◆ **What is required**
Return the data exactly, without pictures.
[Start of Attachment]
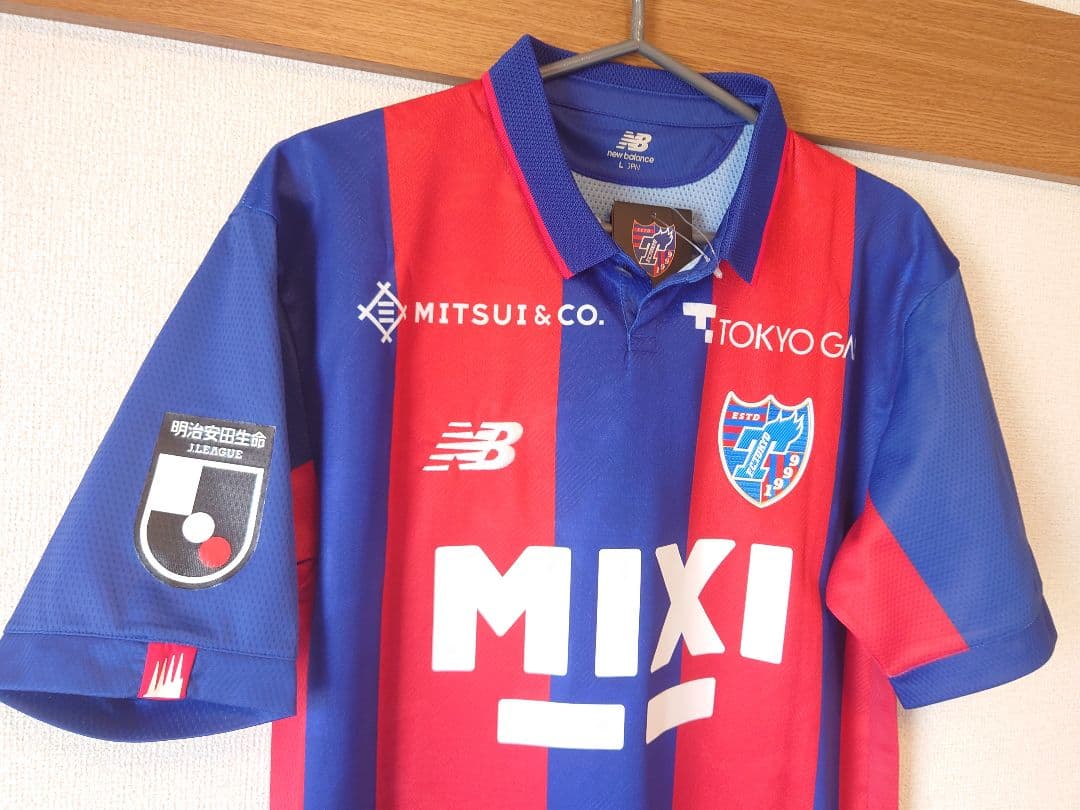 FC東京 2023 1st オーセンティック 小泉 慶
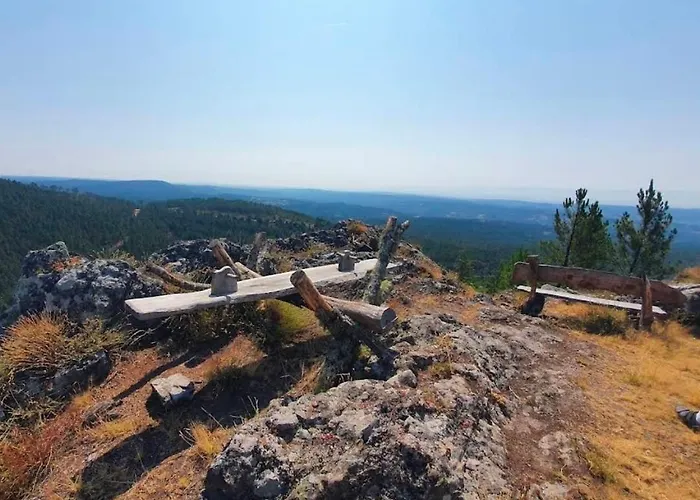 Vendégház Casa Rosalia Castro Daire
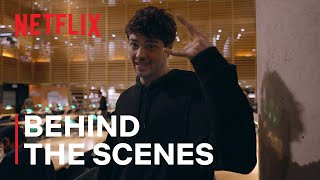 Noah Centineo Takes You Behind the Scenes | The Recruit | Netflix Philippines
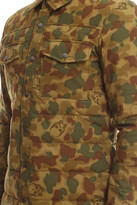 Thumbnail for your product : Lucien Pellat-Finet Camo Skull Down Shirt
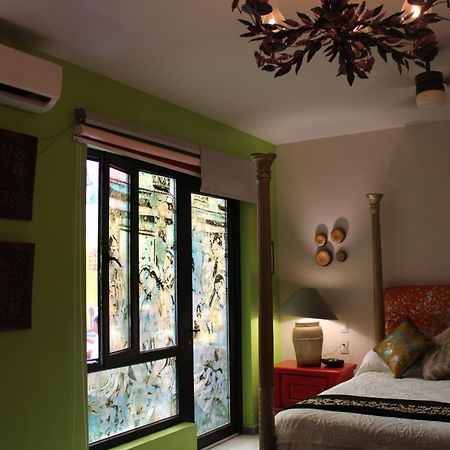Eklectic Hotel Boutique غوادالاجارا المظهر الخارجي الصورة
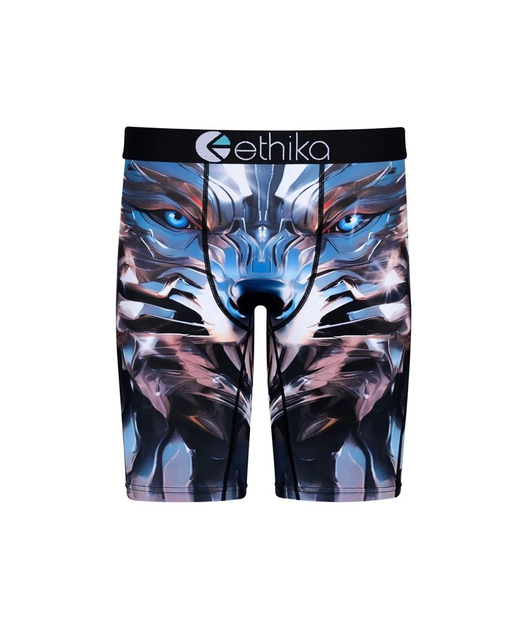 Ethika Boys Chrome Wolf Staple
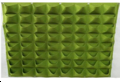 Felt planter from SKANDA INTERNATIONAL FZ LLE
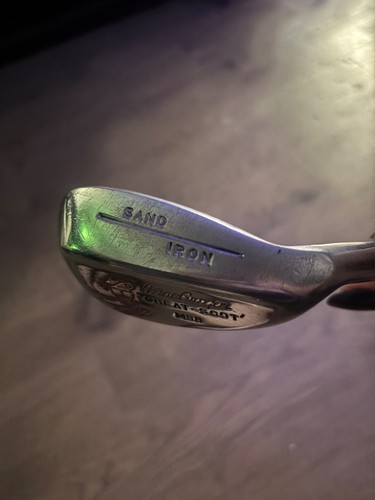 Macgregor Great Scot MS8 Sand Iron ⛳RH Stainless Steel Shaft - photo 2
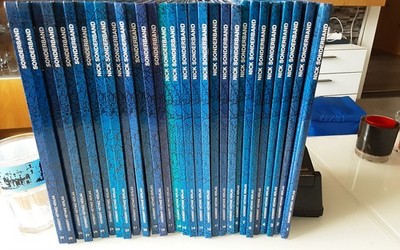 30 HC Bücher Blau Nick/Wäscher spezial Band 1 - 30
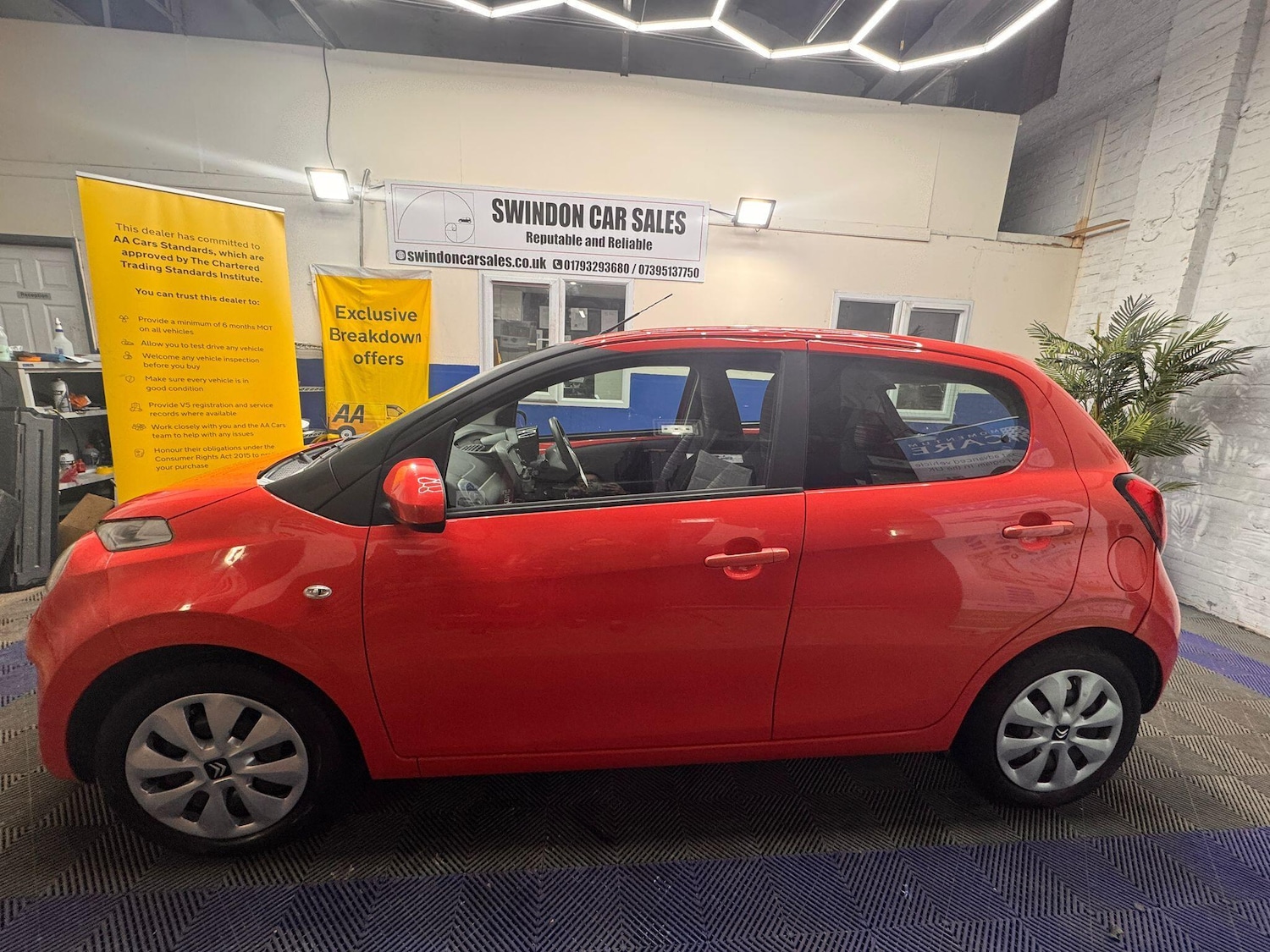 Used Citroen C1 2015 for sale - 77959418: Photo 20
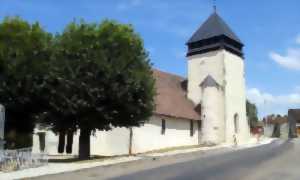 photo JEP - Visite libre de l'Eglise Saint-Michel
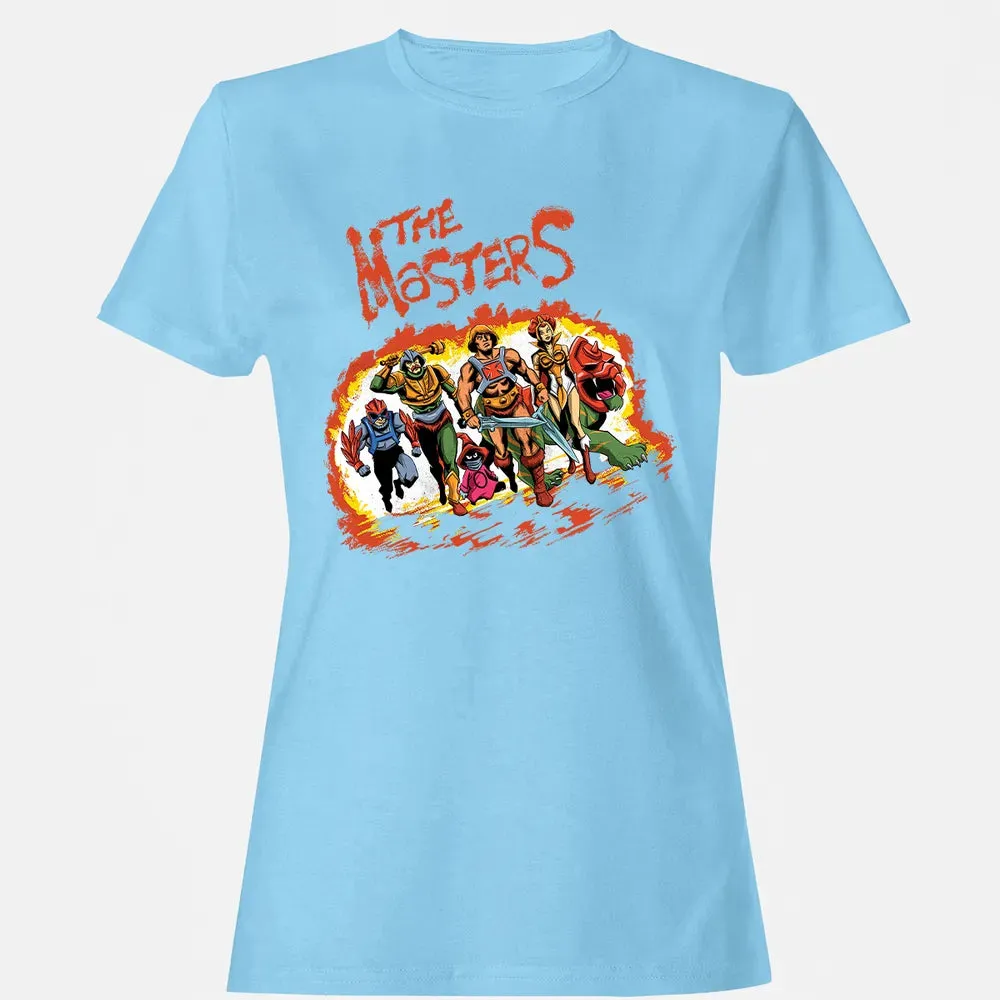 The Masters Women's T-shirt - 8
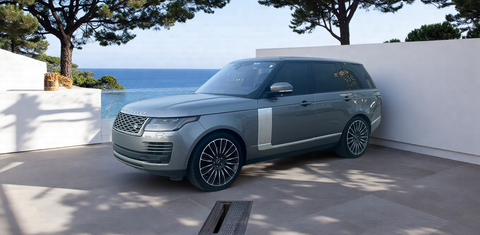 Land Rover Range Rover 2022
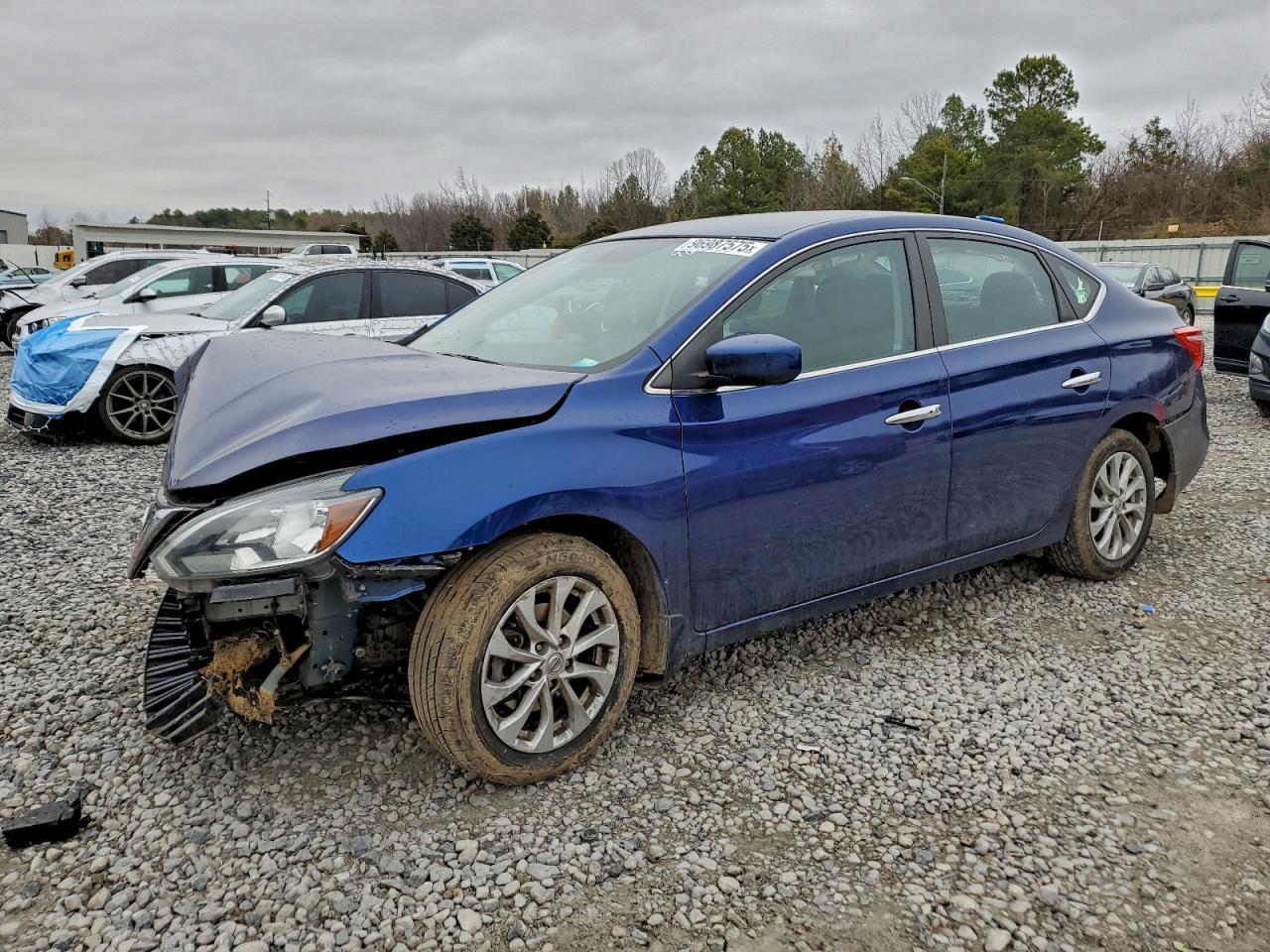 2018 NISSAN SENTRA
[End of Attachment]
◆ **Your response**
 FC東京 2023 1st オーセンティック 小泉 慶
 Vendégház Casa Rosalia Castro Daire
 Noah Centineo Takes You Behind the Scenes | The Recruit | Netflix Philippines
 Thumbnail for your product : Lucien Pellat-Finet Camo Skull Down Shirt
Eklectic Hotel Boutique غوادالاجارا المظهر الخارجي الصورة
 Ethika Boys Chrome Wolf Staple
 Felt planter from SKANDA INTERNATIONAL FZ LLE
 Macgregor Great Scot MS8 Sand Iron ⛳RH Stainless Steel Shaft - photo 2
 30 HC Bücher Blau Nick/Wäscher spezial Band 1 - 30
 Used Citroen C1 2015 for sale - 77959418: Photo 20
 photo JEP - Visite libre de l'Eglise Saint-Michel
 The Masters Women's T-shirt - 8
 Land Rover Range Rover 2022
 2018 NISSAN SENTRA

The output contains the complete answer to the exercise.